Starting at the line that contains "Les mains des potiers façonnent l'argile", transcribe every remaining line of the data below exactly, and omit all pictures.

**Provided material**.

=-=-=-=-=

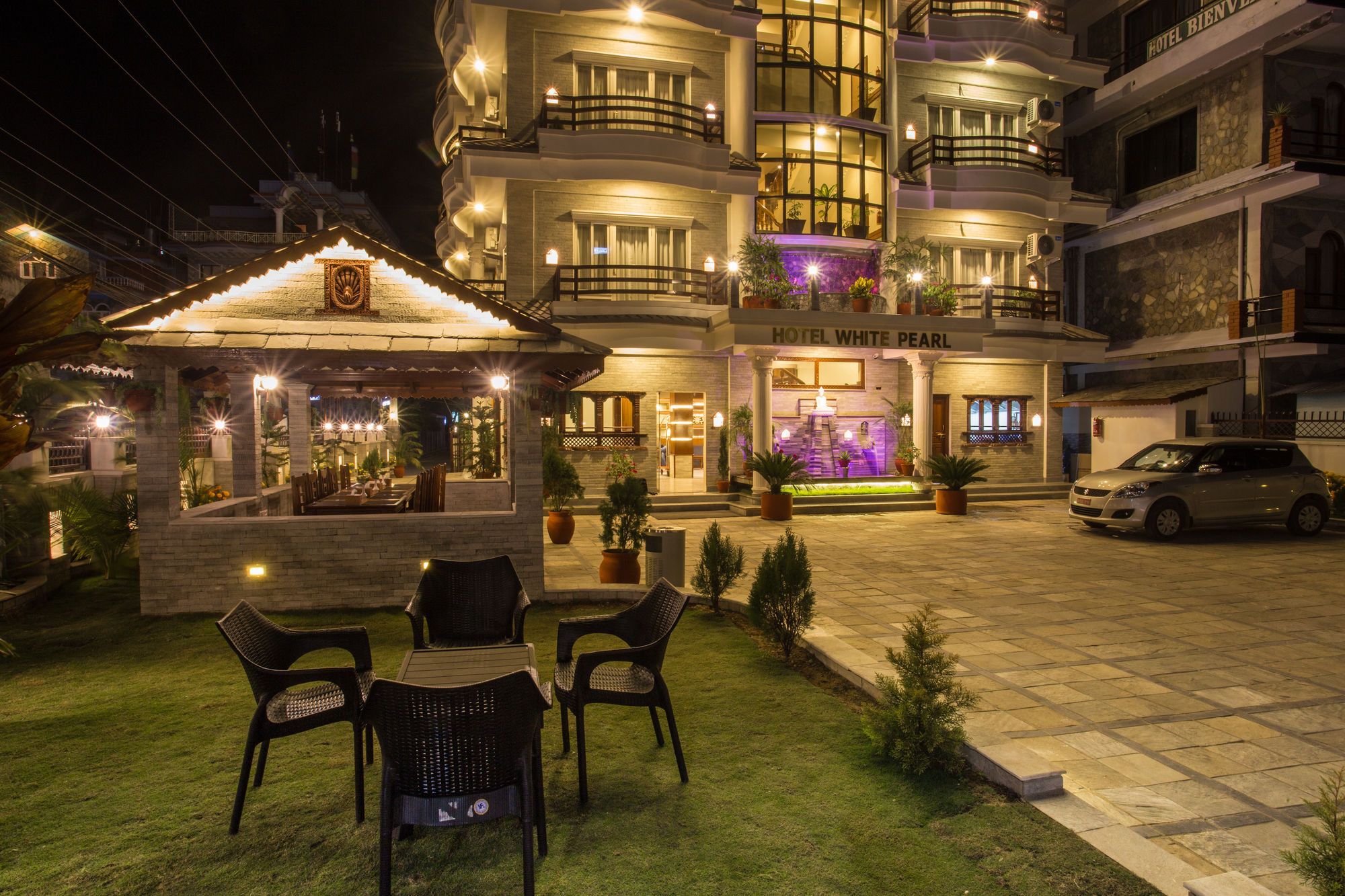 Hotel White Pearl Pokhara Exteriör bild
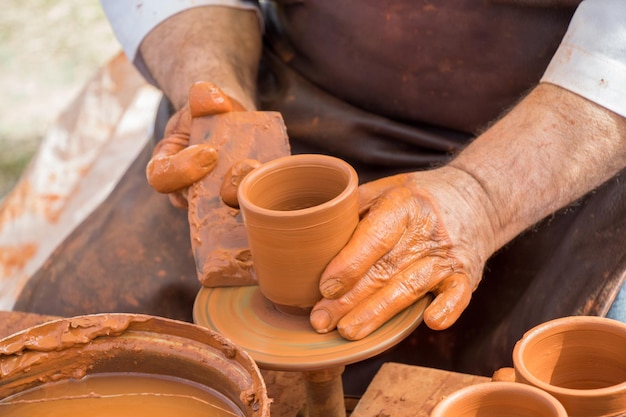 Les mains des potiers façonnent l'argile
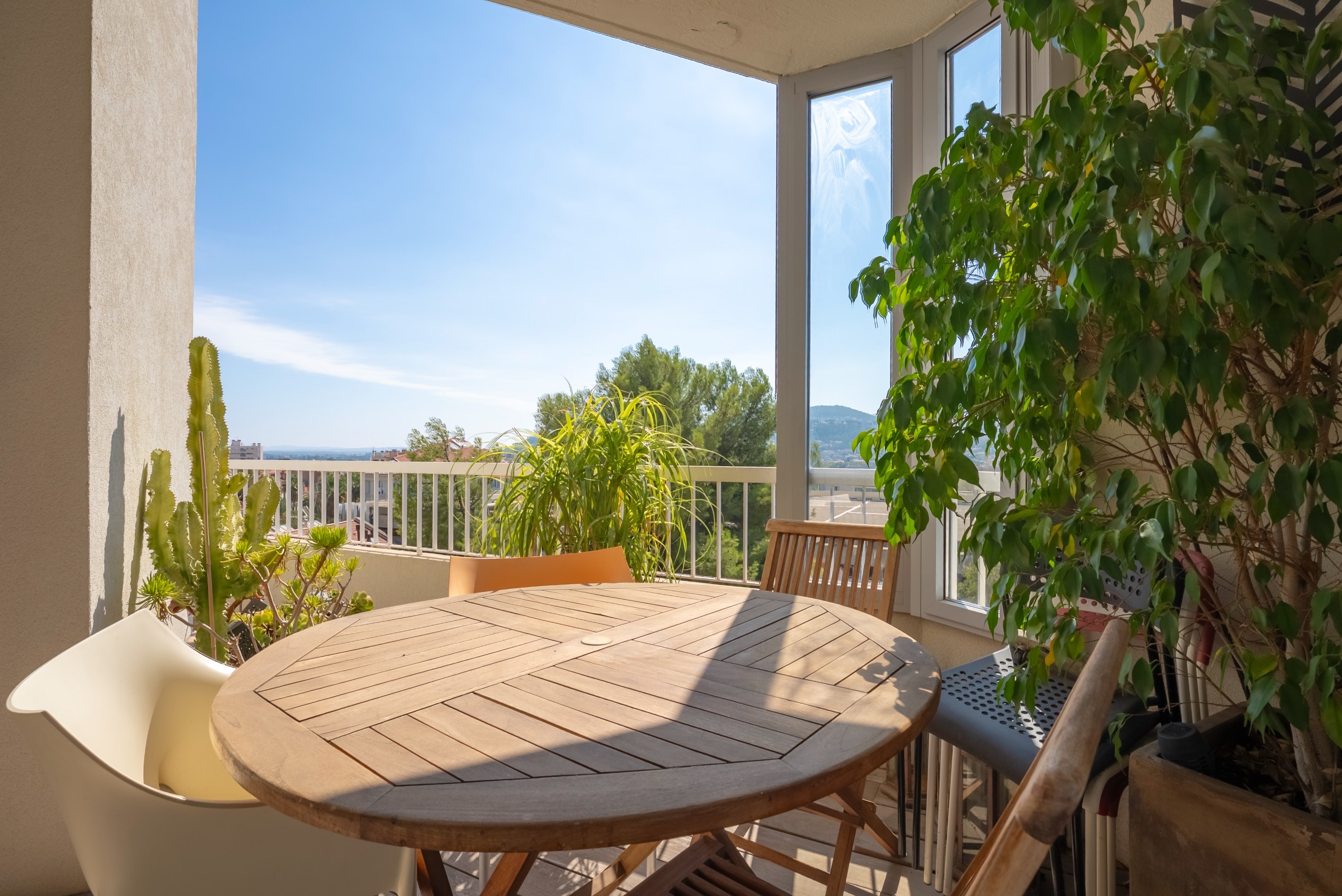  Hyères, Town Centre – Top-Floor Duplex Apartment with Terraces - 物件實景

=-=-=-=-=

**Output below**.
 Les mains des potiers façonnent l'argile
  Hyères, Town Centre – Top-Floor Duplex Apartment with Terraces - 物件實景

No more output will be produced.